_Material supplied:_

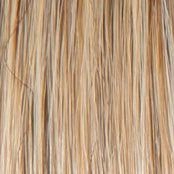 Portrait Mode Wig by Raquel Welch | Mid Length Mono Top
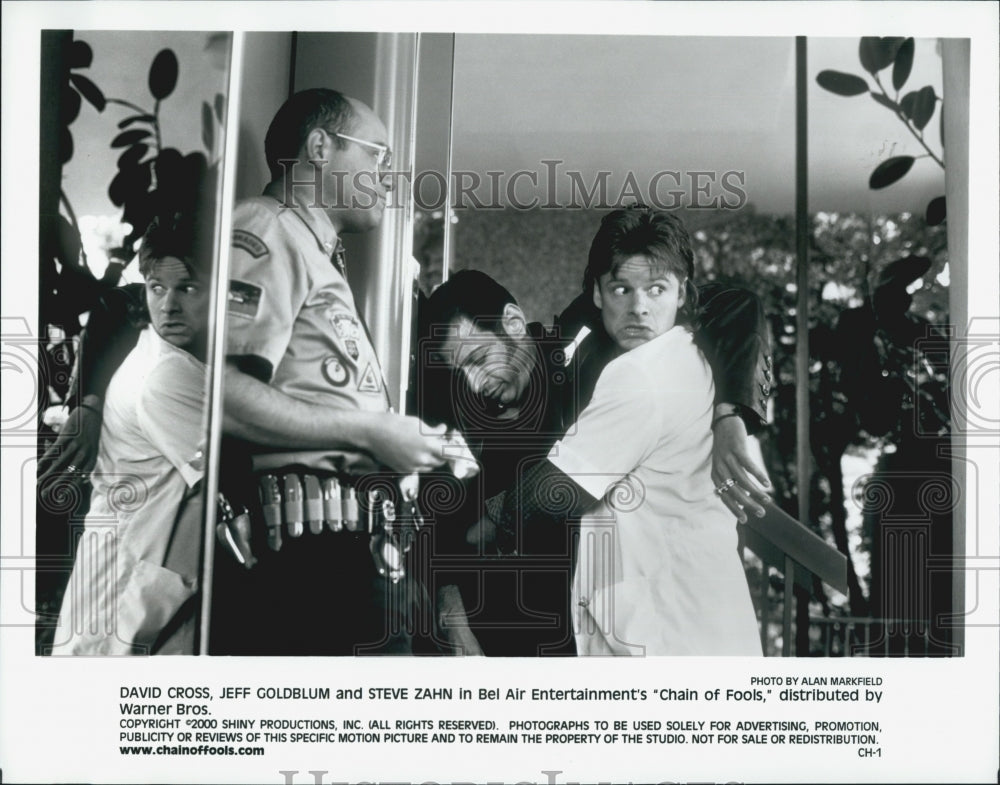 2000 Press Photo &quot;Chain of Fools&quot; David Cross, Jeff Goldblum,Steve Zahn - Historic Images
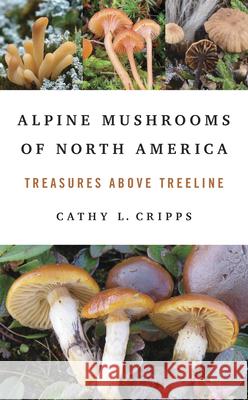 Alpine Mushrooms of North America: Treasures Above Treeline Cathy Cripps 9780252088933 University of Illinois Press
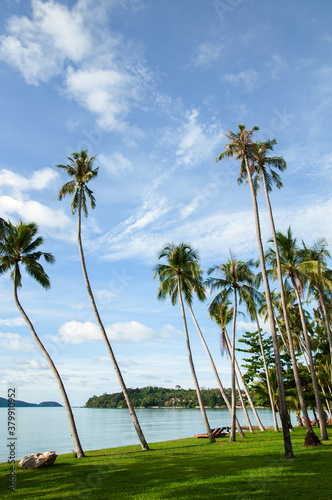 Tropical coconut tree against blue sky and calm sea, summer vacation Phuket island concept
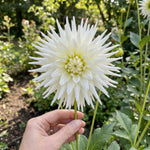 Dahlia 'My Love' (Cactus) - Harding & Bloom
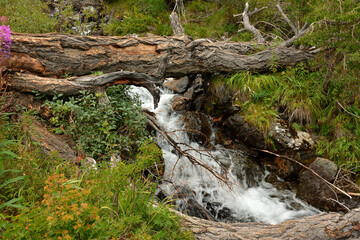 Fototapeta premium The trunk of a fallen old tree over the bed of a turbulent stream flowing from the mountains through a summer forest on a sunny day.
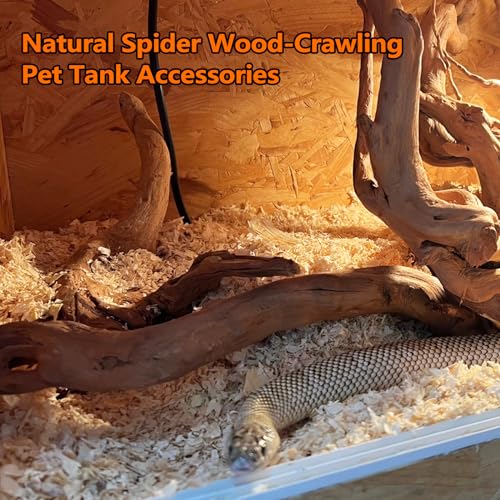Hamiledyi 7-10in Natural Aquarium Driftwood 2PCS Large Reptile Spider Wood Ornament Assorted Branches Natural Driftwood Log Fish Tank Decoration - size: Large:spiderwood 7-10in 2PCS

_What is required:_ When a picture appears among the entries, skip it; transcribe everything else exactly.

_Solution to this task:_
 Portrait Mode Wig by Raquel Welch | Mid Length Mono Top
 2000 Press Photo &quot;Chain of Fools&quot; David Cross, Jeff Goldblum,Steve Zahn - Historic Images
 Alpine Mushrooms of North America: Treasures Above Treeline Cathy Cripps 9780252088933 University of Illinois Press
 Tropical coconut tree against blue sky and calm sea, summer vacation Phuket island concept
 Dahlia 'My Love' (Cactus) - Harding & Bloom
 Fototapeta premium The trunk of a fallen old tree over the bed of a turbulent stream flowing from the mountains through a summer forest on a sunny day.
Hamiledyi 7-10in Natural Aquarium Driftwood 2PCS Large Reptile Spider Wood Ornament Assorted Branches Natural Driftwood Log Fish Tank Decoration - size: Large:spiderwood 7-10in 2PCS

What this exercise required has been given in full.